Goal of the exercise —
Apart from the pictures, reproduce the data below exactly as it stands.

Source data —
»»

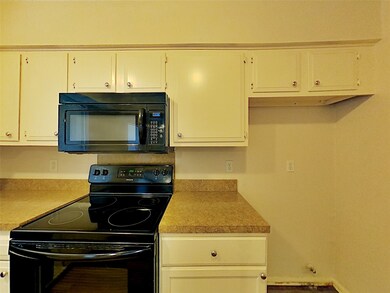 4555 Chestergate Dr, Spring, TX 77373 - photo 7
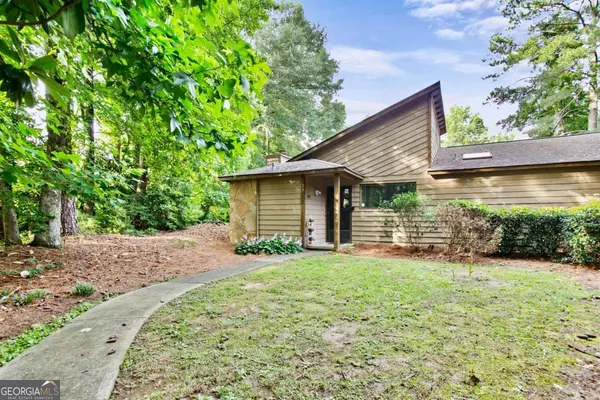 Marietta, GA 30067,830 Bonnie Glen DR SE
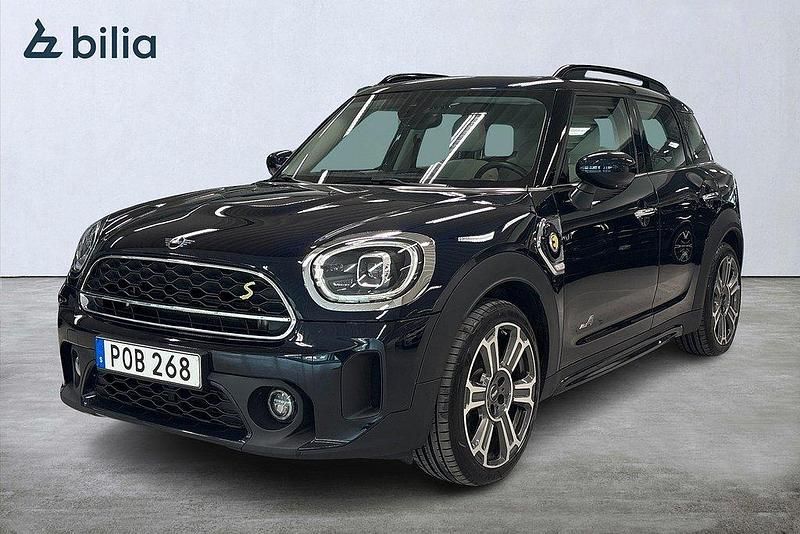 Svart Begagnad 2022 Mini Countryman Essential SUV | 329 900 kr - Bild 1/3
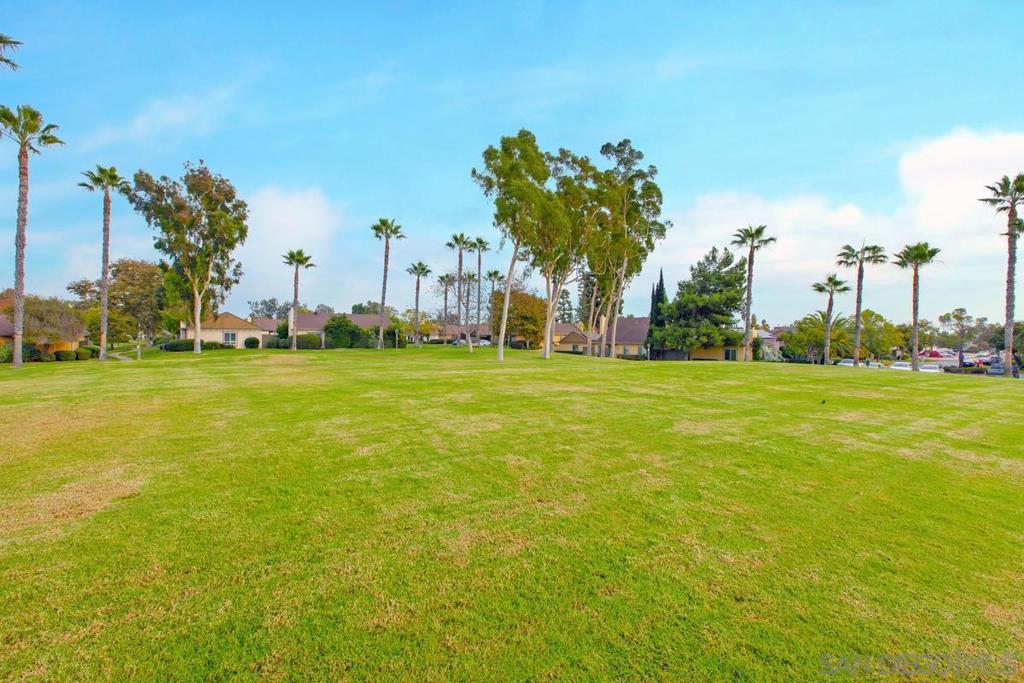 10569 Westonhill Drive Property Photo 24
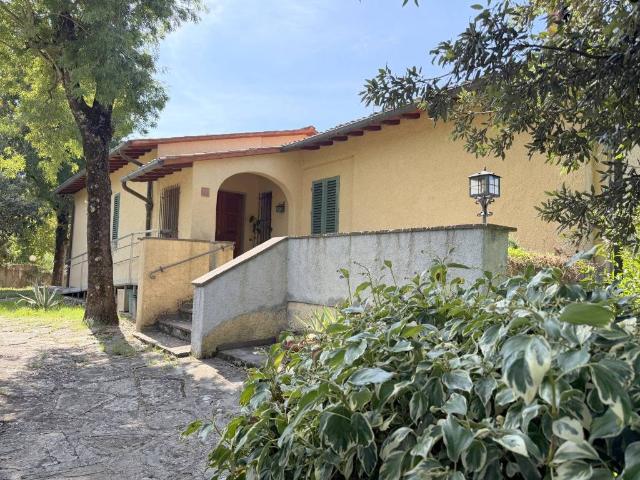 Villa Indipendente in vendita a Badia a Passignano, Sambuca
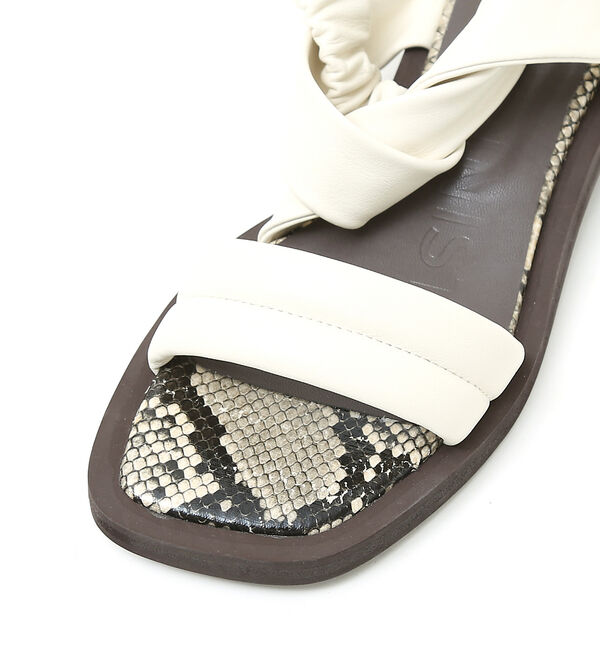 AU BANNISTER「チューブツイストフラットサンダル」|サンダル|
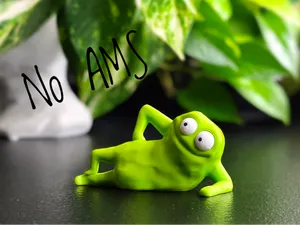 Lazy Creature – Clay Style Desk Figurine #03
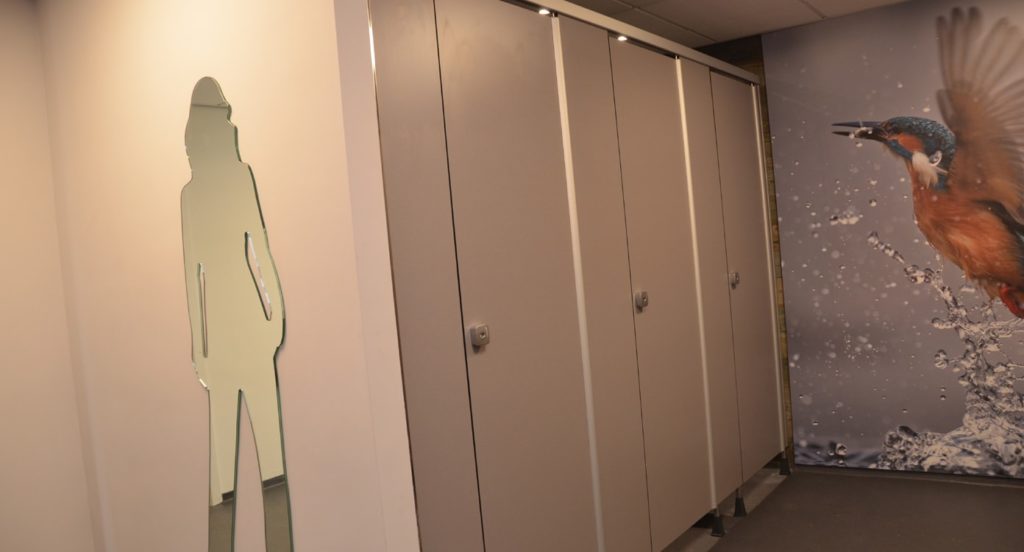 drijvers-oisterwijk-havenkantoor-interieur-behang-toiletten-min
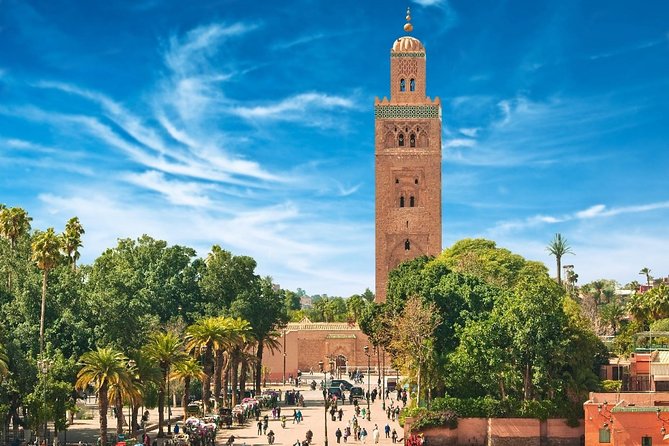 Marrakech City Tour with private driver - Saadian Tombs and Bahia Palace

««

Response area —
 4555 Chestergate Dr, Spring, TX 77373 - photo 7
 Marietta, GA 30067,830 Bonnie Glen DR SE
 Svart Begagnad 2022 Mini Countryman Essential SUV | 329 900 kr - Bild 1/3
 10569 Westonhill Drive Property Photo 24
 Villa Indipendente in vendita a Badia a Passignano, Sambuca
 AU BANNISTER「チューブツイストフラットサンダル」|サンダル|
 Lazy Creature – Clay Style Desk Figurine #03
 drijvers-oisterwijk-havenkantoor-interieur-behang-toiletten-min
 Marrakech City Tour with private driver - Saadian Tombs and Bahia Palace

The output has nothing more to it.